I'm not saying you shouldn't do written risk assessments—you absolutely should. They're an extremely important part of a risk management framework. However, what is unhealthy is the demand from management to have a written risk assessment, but once it's done, it just gets filed and nothing else is done with it.
Yet if something goes wrong, the first question is always: 'Where's your risk assessment?'
The Paperwork Delusion
This is a bizarre way to operate because you can write all the risk assessments in the world, but unless your staff are understanding of and actively managing risk, all your paperwork means absolutely nothing.
Despite this reality, the paperwork obsession remains a top priority for many organisations. But unless every excursion is being run by switched-on professionals who proactively manage risk, then no matter how good your paperwork is, you're exposed.
The practical reality is that you can write whatever you like in a risk assessment document, but often once it's written, it's quickly forgotten. It gathers dust and like a vampire in the night, it never sees the light of day again until a pile of fanged-marked corpses prompt someone into action.
You simply can't afford to place yourself or your staff in a situation where this is the standard operating procedure.
The end result, if something does go wrong, is usually expressed through head-scratching and befuddled proclamations: 'Well, we wrote a risk assessment!' However, there can't be a disconnect between the documentation and the implementation. They must be reflective of each other.
The Audit That Revealed Everything
One organisation I previously worked for was totally and utterly obsessed with written risk assessments. I was tasked with auditing their risk assessments and methodology. However, from the moment I started reading what they had in place, it became evident there was absolutely no connection between the activity and what had been written.
Subsequently, it became perfectly obvious that nobody had actually read any of the paperwork, which left me wondering what they'd been doing. Not only did their pointless documentation have to be rewritten from scratch, a significant process of change management was required to refocus the culture within the organisation to be one that was proactive in its assessment and management of risk.
The Leadership Gap
Often the source of this problem is that many organisations don't have people who truly understand risk management at the top.

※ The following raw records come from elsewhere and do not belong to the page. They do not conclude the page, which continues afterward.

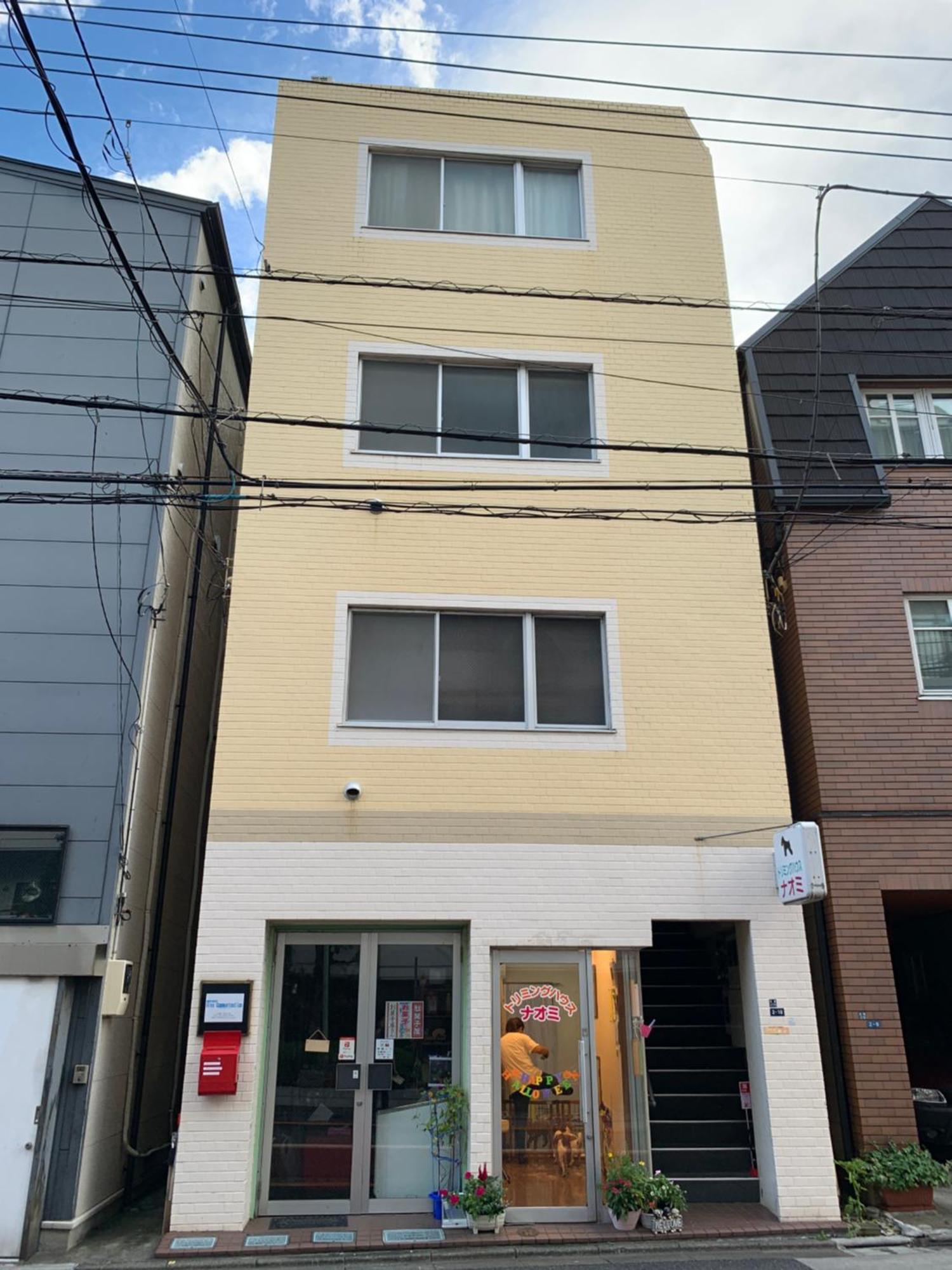Hills Komagome Tokyo Ngoại thất bức ảnh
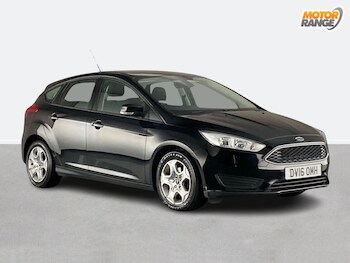 Used Ford Focus 2016 for sale - 78359328: Photo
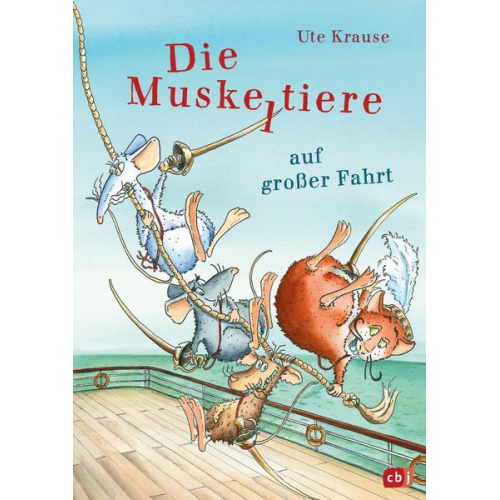 121687 - Die Muskeltiere auf großer Fahrt / Die Muskeltiere Bd.2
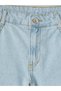 Sparkling Choices Wide Leg Floral Girls' Jean Pants from Shining Store - 2
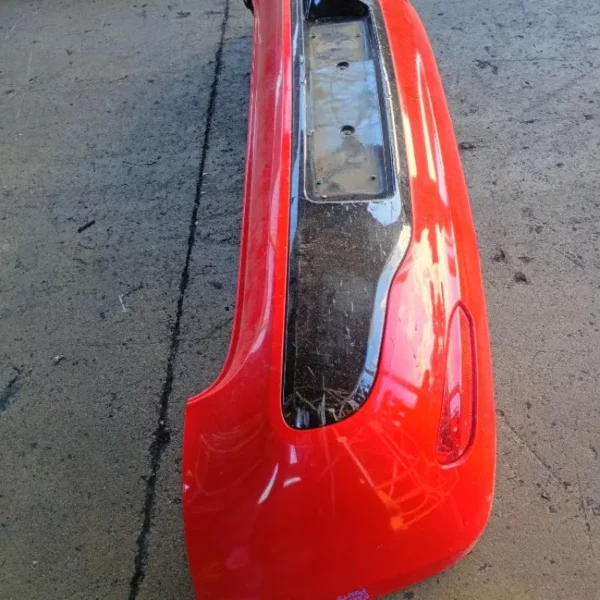 Paraurti Posteriore Fiat Punto Evo 2009 – 2012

Just because someone has reached a leadership position doesn't mean they actually know anything about management—least of all, risk management.
Therefore, if you put someone in the situation where they're supposed to be managing risk yet don't understand risk beyond filing a written document, it's little wonder they're focused on paper-pushing nonsense and not on organisational culture.
The Blame Culture Trap
In this situation, when something goes wrong, it becomes all about blame and retribution. It's not about discussing what was the root cause of an incident—it's about finding scapegoats. This sort of approach is unhealthy and totally counter-productive.
What an organisation needs to be able to do is sit down and openly discuss activities that involve risk and be prepared to debrief near-misses and learn from each other's knowledge and experience.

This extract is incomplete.